-------- SUPPLIED DATA

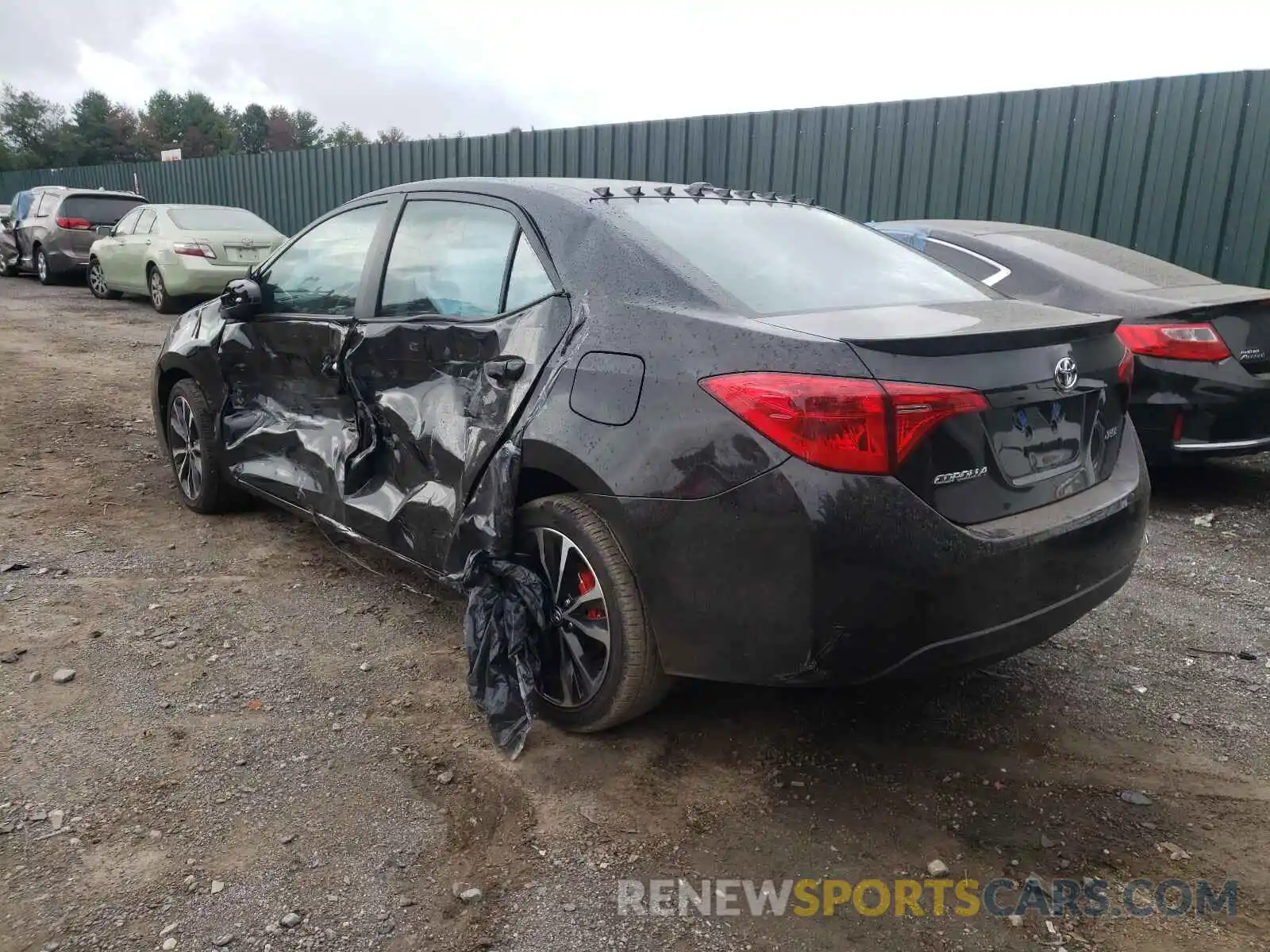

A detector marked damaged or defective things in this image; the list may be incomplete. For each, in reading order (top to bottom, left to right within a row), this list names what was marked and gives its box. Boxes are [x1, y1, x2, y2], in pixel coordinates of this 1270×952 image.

crumpled door panel [219, 317, 362, 520]
crumpled door panel [343, 294, 572, 568]
damaged toyota corolla [149, 177, 1149, 730]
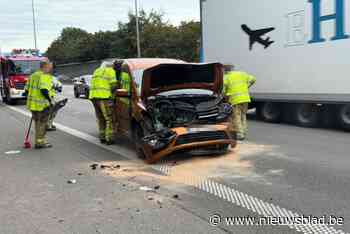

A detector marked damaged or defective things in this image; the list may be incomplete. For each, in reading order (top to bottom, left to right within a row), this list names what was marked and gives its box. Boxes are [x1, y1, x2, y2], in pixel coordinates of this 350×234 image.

shattered headlight [142, 129, 176, 151]
damaged car [114, 59, 235, 163]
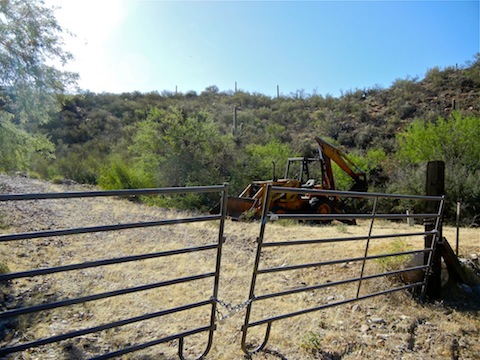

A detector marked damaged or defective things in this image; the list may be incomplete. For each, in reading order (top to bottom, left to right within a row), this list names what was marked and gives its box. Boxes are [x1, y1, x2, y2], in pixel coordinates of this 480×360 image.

rusty metal gate [0, 186, 229, 360]
rusty metal gate [242, 186, 444, 354]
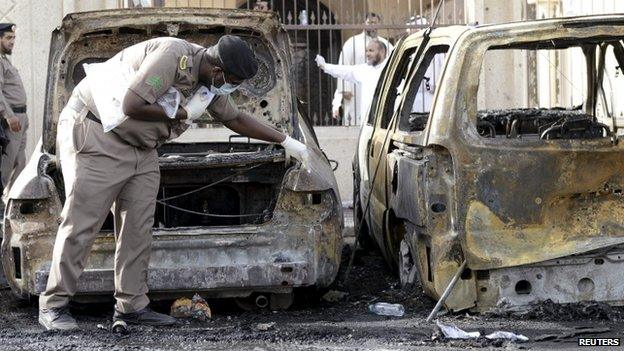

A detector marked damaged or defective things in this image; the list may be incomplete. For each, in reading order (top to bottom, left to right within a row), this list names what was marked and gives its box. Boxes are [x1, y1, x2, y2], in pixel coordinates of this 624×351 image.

burned vehicle [0, 8, 342, 310]
destroyed suv [1, 8, 342, 310]
burned vehicle [354, 15, 624, 314]
destroyed suv [354, 15, 624, 314]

----------------

WHAT IS BEING ASKED =>
Set down the material once more, exactly, with the pictures omitted.

WRITTEN REPLY =>
A detector marked damaged or defective things in this image; the list may be incomplete. For each, in reading order (top to bottom, left to right within a row), this list names what was marked and gives its box. Boxes are [x1, y1, x2, y2], in pixel coordinates of this 1270×952 image.

crumpled door panel [219, 317, 362, 520]
crumpled door panel [343, 294, 572, 568]
damaged toyota corolla [149, 177, 1149, 730]

A detector marked damaged or defective things in this image; the list may be incomplete. For each, in reading order (top to bottom, left to right within a row), this list names what was marked and gives its box. Boxes are [x1, y1, x2, y2], in pixel coordinates of this 350×234 image.

shattered headlight [142, 129, 176, 151]
damaged car [114, 59, 235, 163]

A detector marked damaged or defective things in this image; the list may be incomplete. For each, in reading order (top to bottom, left to right within a row), this list names what was marked and gives its box. Boxes are [x1, y1, x2, y2], in pixel coordinates of this 480×360 image.

rusty metal gate [0, 186, 229, 360]
rusty metal gate [242, 186, 444, 354]

A detector marked damaged or defective things in this image; the list may be incomplete. For each, in reading order (top to bottom, left to right within a row), this list names what was marked and gives its box. Boxes are [x1, y1, x2, y2], in pixel coordinates of this 624×351 image.

burned vehicle [0, 8, 342, 310]
destroyed suv [1, 8, 342, 310]
burned vehicle [354, 15, 624, 314]
destroyed suv [354, 15, 624, 314]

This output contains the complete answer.